DataOps – Secret Of Machine Learning & Data Science Success In An Enterprise

Initially, Cloud-first and then DevOps-first. Now, we are talking about Data-first, and eventually AI-first

It is often said that in this business environment, every organization has to be data-driven. This translates to the fact that most organizations have to make use of data to take business decisions across the enterprise, and this is not just confined to CxO only. Data is the core of digital transformation, and is pivotal in terms of improving a user’s experience. We also hear about how data, which is being considered as the ‘new oil,’ is fueling the economic growth of 21st century. In fact, there are many Billion dollar+ valuation companies that have been built on Data Foundation.

However, it is often not easy for enterprises to translate the above goals in the real world. Converting raw data into business and operational insights, and subsequently integrating them into a data monetization value chain is a cumbersome task.

A few facts:

The dark secret behind AI and Machine Learning is that only a small number of projects see the light in terms of day-to-day business operations
Gartner says 80% of analytics will not deliver business outcomes, 80% of AI projects will “remain alchemy, run by wizards” through 2020
Only 31% of organizations reported that they are seeing any kind of major business value from their AI efforts – Mindtree AI Readiness Report

The reasons for the above are many – Data silos, lack of alignment and standardization across the organization, the inability to envision an end-to-end solution, unavailability of a foundational platform, a huge gap from POC to production etc.

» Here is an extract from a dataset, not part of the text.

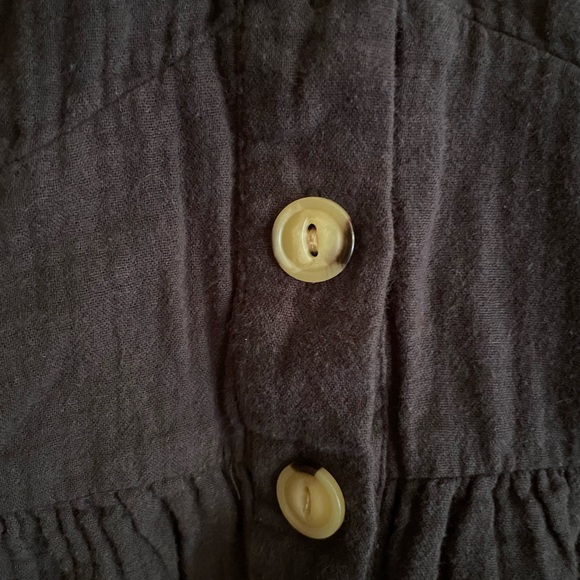 Universal Thread Romper - Picture 3 of 5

The common areas of concern in Machine Learning & Data Science (ML & DS) initiatives:

Putting data ahead of the business objective, missing situational awareness
Data debt – Multiple LOBs are making independent data decisions. Thus, creating synergy across data is a big task.
Building data infrastructure is a time-consuming & repetitive task, even on Cloud.
A majority of the time is spent in data engineering pipeline activities.
A small fraction of time/effort is used for model learning, evaluation, prediction etc., which are important tasks.
Model deployment and building scalable APIs for production grade deployment involves multiple parties.
Iterations of the model in production – Continuous evaluation of the deployed model, rescoring & re-deployment is a challenge.
New users struggle to be a part of ML & DS projects

Converting data into valuable insights is always a cumbersome process, due to the multiple points of handoffs

Technology and organizational complexity are big challenges for ML & DS projects:

So then, what is the solution?

A few fundamental steps organizations must take before initiating enterprise-scale ML & DS projects:

Self-serve data access across the enterprise (with appropriate guardrails in place)
Self-serve data infrastructure
Standardize the data landscape

And, how do we achieve the above? The answer is DataOps

Gartner’s definition of DataOps: It is a hub for collecting and distributing data, with a mandate to provide controlled access to systems of record for customer and marketing performance data, while protecting privacy, usage restrictions, and data integrity.

Practical definition: DataOps is an agile way of developing, deploying and operating data-intensive applications. This requires technology, organizational alignment and a process to collaborate between siloed data, system and people. This helps in promoting a data factory mindset, while orchestrating, monitoring and managing the data pipeline in an automated fashion for everyone handling data, who mainly comprise data engineers, data scientists, developers and business users.

In simple words, it helps organizations derive data insights quickly, and with less human intervention.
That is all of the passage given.